Around 1970, she created her first synthesizer-based music at NYU at a studio she shared with Laurie Spiegel on a Buchla synthesizer installed by Morton Subotnick. Her goal by that point was to create a slow, purposeful "unfolding" of sound, which she felt to be closer to the minimal composers of New York at the time than to the French musique concrète composers who had been her previous allies. After presenting the first of her Adnos in 1974 at Mills College at the invitation of Robert Ashley, a group of visiting French music students suggested that her music was deeply related to meditation and that she should look into Tibetan Buddhism, two things that she had very little familiarity with.

Upon investigation of Tibetan Buddhism, she quickly converted and spent the next three years devoted to its practice under her guru Pawo Rinpoche, who subsequently sent her back to her musical work. She returned to composition, picking up where she left off, using the same methods and working toward the same goals as before, and finished Adnos II in 1979 and Adnos III in 1980. Then came the series of works dedicated to Milarepa, a great Tibetan yogi, known for his Thousand songs representing the basis of his teaching. First she composed the Songs of Milarepa, followed by Jetsun Mila an evocation of the life of this great master; the creation of these works was sponsored by the French government.

At the end of the 80s, beginning of the 90s, she devotes herself to a singular three-hour work, perhaps her masterpiece, the Trilogie de la Mort, of which the first part kyema Intermediate states follows the path of the continuum of the six states of conscience. The work is influenced by the Tibetan Book of the Dead Bardo Thodol and her meditation practice as by the death of Pawo Rinpoche and her son Yves Arman. The first third of the Trilogie, Kyema, was her first release recording, issued by Phill Niblock's XI label.

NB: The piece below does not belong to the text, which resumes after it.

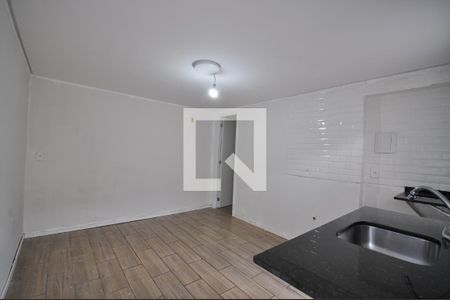 Quarto/Cozinha de apartamento para alugar com 1 quarto, 24m² em Vila Guilherme, São Paulo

In 2000, she made in Paris her last electronic work l'Ile Re-sonante for which she received in 2006 the Golden Nica Award at the festival Ars Electronica in Linz.

In 2001 upon request from the double bass and electronic composer Kasper T. Toeplitz, she makes her first instrumental work Elemental II, a work taken up again with the laptop improvisation group The Lappetites she joined.


 Eliane Radigue on the Experimental Intermedia Series


“From almost its creation in the seventies, I’ve given almost all the ‘premieres’ of my works at Phill Niblock’s space…It was a pleasure to test [my compositions] on the nice installation of Phill’s and outside of my small studio in Paris. Nice also to have friends around, and I’m very grateful to Phill for his fidelity which is merely at least equal to mine.  

Experimental Intermedia was, at that time and I guess is still, one of the few places where this kind of music could be given to be listened to. Good luck and best wishes.” -Eliane Radigue (transcribed from a handwritten letter) 2011


Eliane Radigue in DRAM


Note: The recording of Adnos III used here is from the studio recording and not the live performance, as stated in the voiceover of the radio program.  Due to tape deterioration, Eliane requested that this performance be substituted as it more clearly showed the dimensions of the original piece.